The new Corporate Enforcement Policy goes further, stating that when a company voluntarily self-discloses an FCPA violation, fully cooperates, and adopts timely and appropriate remediation measures (including disgorgement of any gains from the violation), there is a presumption that the DOJ will offer the company a declination, absent aggravating circumstances (such as a particularly severe offense). This presumption of a declination is stronger than the Pilot Program, which only said that the DOJ would “consider” a declination. Additionally, while Pilot Program gave prosecutors the discretion to reduce requested fines, the new policy directs prosecutors to ask for lower fines as long as companies meet the requirements noted above. The new policy also gives favorable terms even to companies that do not voluntarily disclose misconduct, so long as they later fully cooperate and implement a remediation program. For these companies, the DOJ will recommend a sentence reduction of up to 25% off of the low end of the U.S. Sentencing Guidelines. (The DOJ also recently announced that it’s expanding this beyond the FCPA, applying it also to crimes such as securities fraud.)
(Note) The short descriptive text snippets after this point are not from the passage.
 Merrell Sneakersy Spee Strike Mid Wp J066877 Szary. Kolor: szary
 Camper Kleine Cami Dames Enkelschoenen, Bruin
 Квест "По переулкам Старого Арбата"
One way to understand the new FCPA Corporate Enforcement Policy is as a response to concerns that the U.S. government’s traditional approach to enforcing the FCPA has over-emphasized corporate settlements at the expense of prosecuting individual wrongdoers. In that sense the new policy, and the Pilot Program before it, can be seen as consistent with the Yates Memo, which declared that the DOJ would focus more on individual liability. A related but distinct justification for the new Corporate Enforcement Policy is the idea that it will improve overall FCPA enforcement by encouraging more voluntary self-disclosures. The rationale is that there are likely a large number of low-level corporate bribery cases that companies learn about but don’t report, for fear of the expected penalties. The DOJ would prefer that companies disclose these transgressions, and the Department appears to have concluded that the benefits of encouraging such disclosures outweighs concerns about reducing punishments for FCPA violations. Indeed, in justifying the new enforcement policy, U.S. Deputy Attorney General Rod Rosenstein emphasized that under the Pilot Program, the number of voluntary disclosures during the program doubled to 30.
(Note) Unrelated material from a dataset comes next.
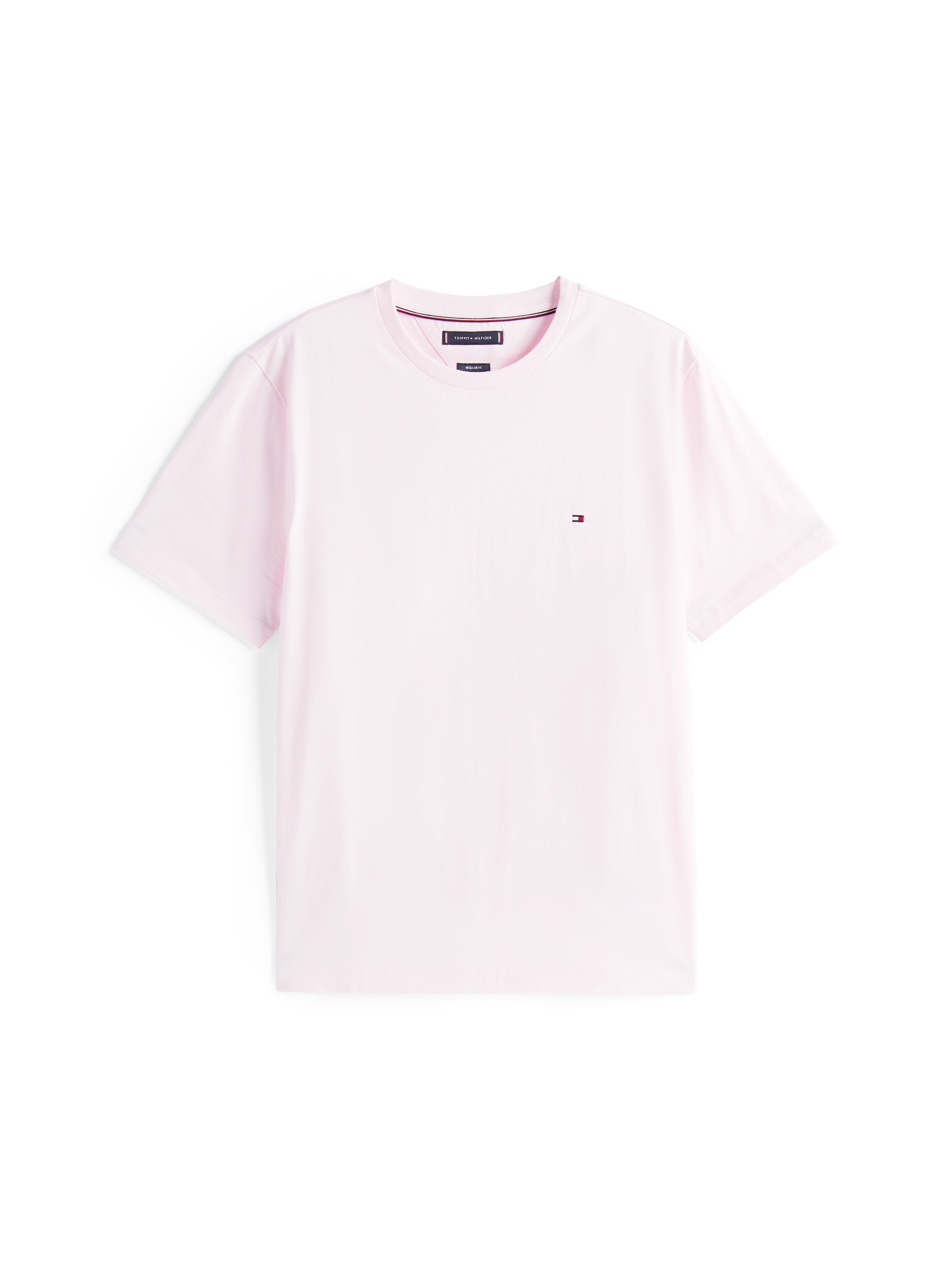 Tommy Hilfiger T-Shirt »ESSENTIAL REG FIT SOLID TEE«, mit Rundhalsausschnitt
These justifications for the new policy at first seem plausible, but they suffer from an important flaw: They overlook the impact of DOJ’s enforcement posture on corporate culture. The new policy may increase incentives for voluntary self-disclosure and post hoc remediation, but at the same time the new policy weakens incentives for companies to actively work to promote a pro-integrity corporate culture. For that reason, the new policy may end up worsening overall foreign bribery activity, even if both corporate self-disclosures and prosecutions of individuals increase.